1. Write a good summary of what you intend to write, how you plan to use it, and the benefits publication can bring to your customer’s company. Then ensure you find out who will give ultimate approval at the customer’s company, and ensure they understand the benefits they’ll get from this publicity and are happy with the project before you even think about getting the article produced. If their objection is the usual daft one that they don’t want to publicise whose components, systems or services they’re using, begin the proposal by pointing out how easy it is for their competitors (or anyone else, for that matter) to find out about your involvement, by reading the label or whatever.

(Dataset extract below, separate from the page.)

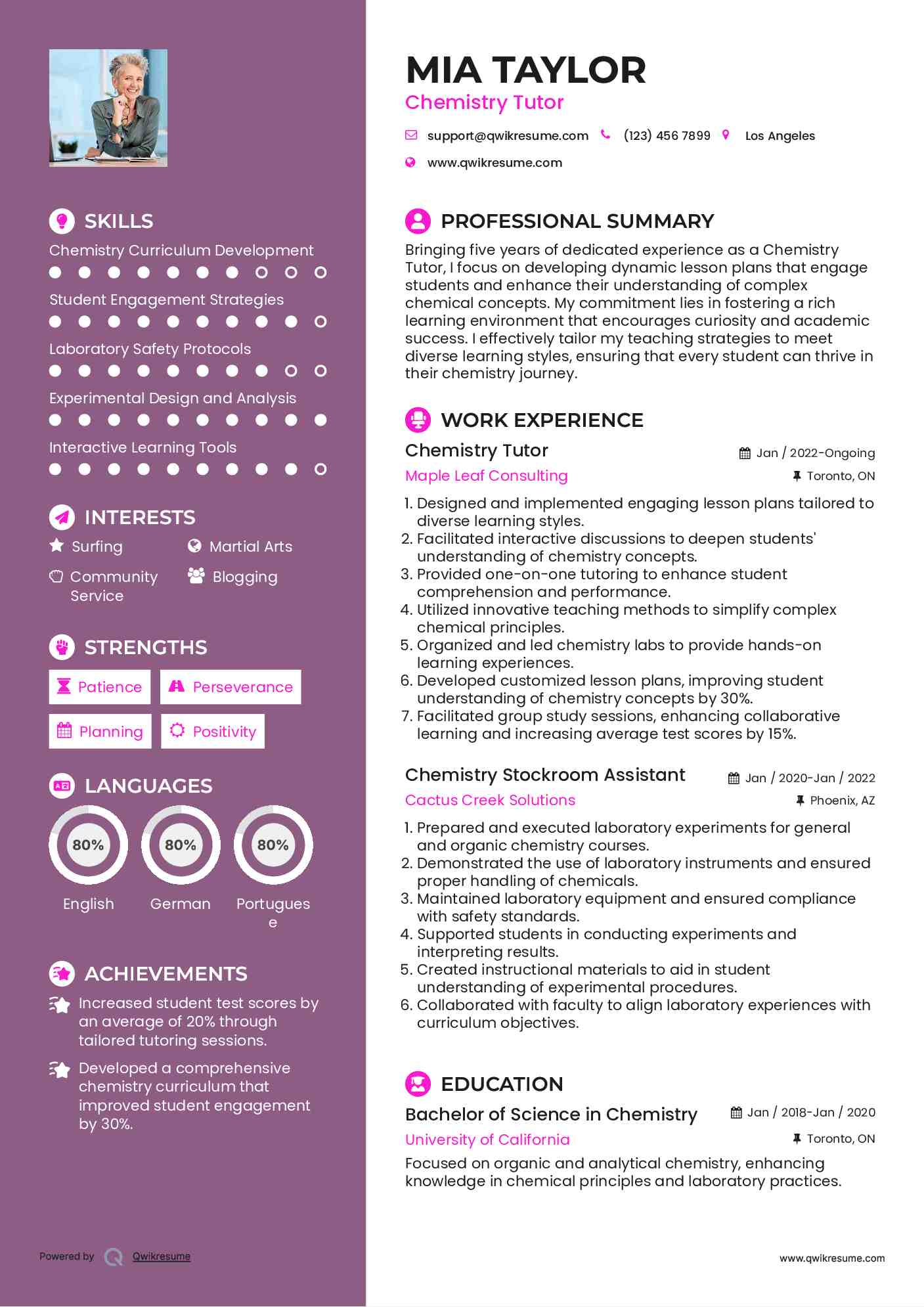 Chemistry Tutor Resume Model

2. Line up an experienced technical writer to create the article. The customer will be impressed, and you’ll get a good, objective view on the application. More than almost any other promotional writing for your company, a case study is journalistic reporting, and an independent writer should be able to see the wood from the trees far better than you or the customer.

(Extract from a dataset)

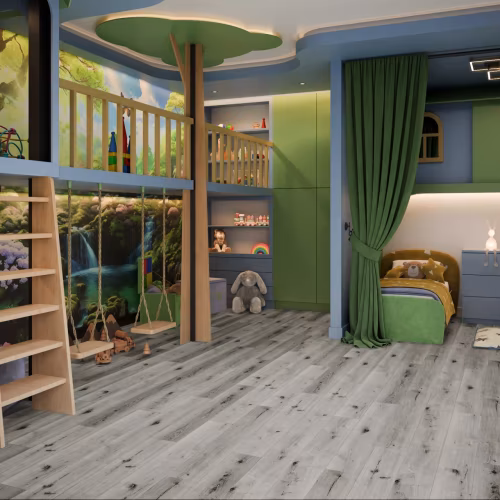 Кварцвиниловый SPC ламинат Damy Floor Family Дуб Классический Серый T7020-2 1220×180×4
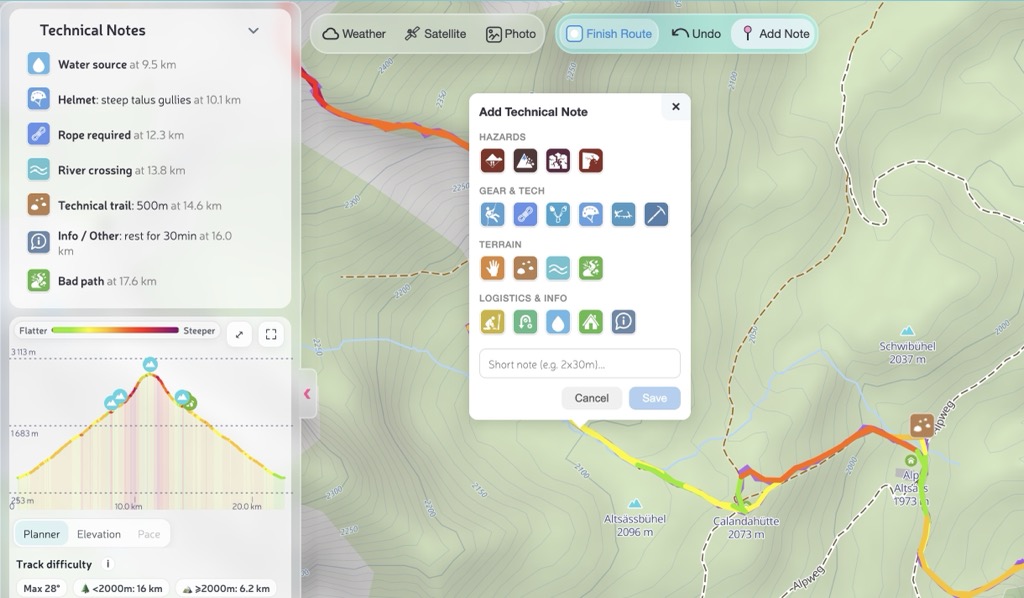 Ski touring route with technical notes showing avalanche, crevasse, and turnaround points on the winter map.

3. Sort out great photography at the start of the project. There’s nothing worse than proudly saying that your widget has been used as part of The Great Big Sprocket System and then finding out that the only photo of The Great Big Sprocket System looks more like a grainy, snatched spy photo. Wherever the case study goes – your website, a newsletter or a magazine – you’ll want an arresting shot of the doubtless glamorous application if the article is to attract any attention.

Any other tips, in your experience? I’d love to hear them.

3 thoughts on “3 tips for producing great case studies”

  1. Ascertain the customer’s problem and how your product or service helped to overcome it. It may sound obvious, but all too often people writing case studies don’t ask the right questions of the client – in fact sometimes they don’t get to speak to the client at all. But how can you produce a convincing case study without quality information?
    If you’re simply saying that the client was a widget manufacturer who ‘wanted a good service at a reasonable price’, not only does it make for a bland case study but when you come to do the second and the third you’ll probably be saying more or less the same thing.
    Therefore ask open questions, not just about why they chose the product or service but also about their business. Try to find three or four unique things to say in each case study as this is what gives added interest. So for example, maybe the client company was started by the founder’s grandfather with a horse and cart a century ago; or maybe it supplied widgets for the world’s tallest building. Perhaps the product was the only one small enough to fit the bill; or technical input from the supplier helped to resolve a complex engineering problem.
    For each case study, keep a note of the product or service involved, the client’s sector, and the particular problems it solved. Then as you build up your supply of case studies, you’ll be able to develop a grid that will provide an easy reference aid enabling you to quickly pick out relevant case studies for any enquiry you receive.

  2. You seem to have covered most of the points but overlooked the significance of the ‘quote’ from the end customer. There is nothing like a favourable quotation for reinforcing the ‘message’ and quite often the client’s customer will say more positive things to a third party (i.e. not the supplier). Finally, if you can get permission to visit a customer’s premises to do a case history maximise the opportunity. Take videos if possible for web sites or other publicity purposes, and discuss the customer’s future plans in case there are future opportunities for your client, a valuable service for your client and very much appreciated!

  3. Place those monthly/weekly application notes in your website.
    1. It brings the g search engine back for more indexing
    2. It provides your customer list, a follow up on all your applications, so they can always forward their contacts to it.